In Case You Missed It

Watch our seminar featuring a leading voice in urban informatics, Dr. Michael Batty, Bartlett Professor of Planning at University College London.

Abstract

The idea that we might build more than one model of the same phenomenon is rapidly gaining momentum as it becomes increasingly clear that any form of prediction is conditional on how we abstract from the system of interest. The development of ever faster computers and better data from real time sensing and more effective sampling of human behaviour are making the idea of building more than one model feasible for many urban problems across many scales. Into this debate has come the notion of the ‘digital twin’ which is pushing our models to greater realism. In this talk, I will review the idea of digital twins, noting the conundrums they raise and the idea that as models get ever close to the real thing, they begin to merge with it. To illustrate these ideas, we take an area of East London and indicate how several models of the same location can be built at different scales stressing different features and attributes, all informing different aspects of the same problem. We argue that multiple models of the same phenomenon from which we might explore a problem in different ways, provide new ways of pooling predictions to answer ‘what if’ type questions.  

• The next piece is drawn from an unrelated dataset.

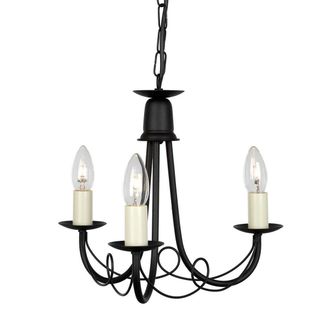 Loops 3 Bulb Chandelier Hanging Pendant LIght Black LED E14 60W Bulb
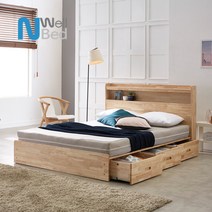 느웰베드 플로라 천연라텍스 서랍형 원목침대 슈퍼싱글 매트리스 포함, 기능성커버A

References: Batty, M. (2018) Digital Twins, Environment and Planning B45(5) 817–820, (2019) A Map is not the Territory, or Is It? Environment and Planning B46(4), 599–602. 

Michael Batty

Michael Batty is Bartlett Professor of Planning at University College London, Chair of the Centre for Advanced Spatial Analysis (CASA) and a Turing Fellow in the Alan Turing Institute. He was Professor of Town Planning in Cardiff in the 1980s before he set up CASA at UCL in 1995. His recent publications are Inventing Future Cities (2018), and the edited book Urban Informatics (Springer 2021). He is co-author of the Digital Taskforce for Planning report (2022) with Dr. Wei Yang He is a Fellow of the British Academy (FBA), the Royal Society (FRS), and the RTPI. He was awarded the CBE in the Queen’s Birthday Honours List in 2004.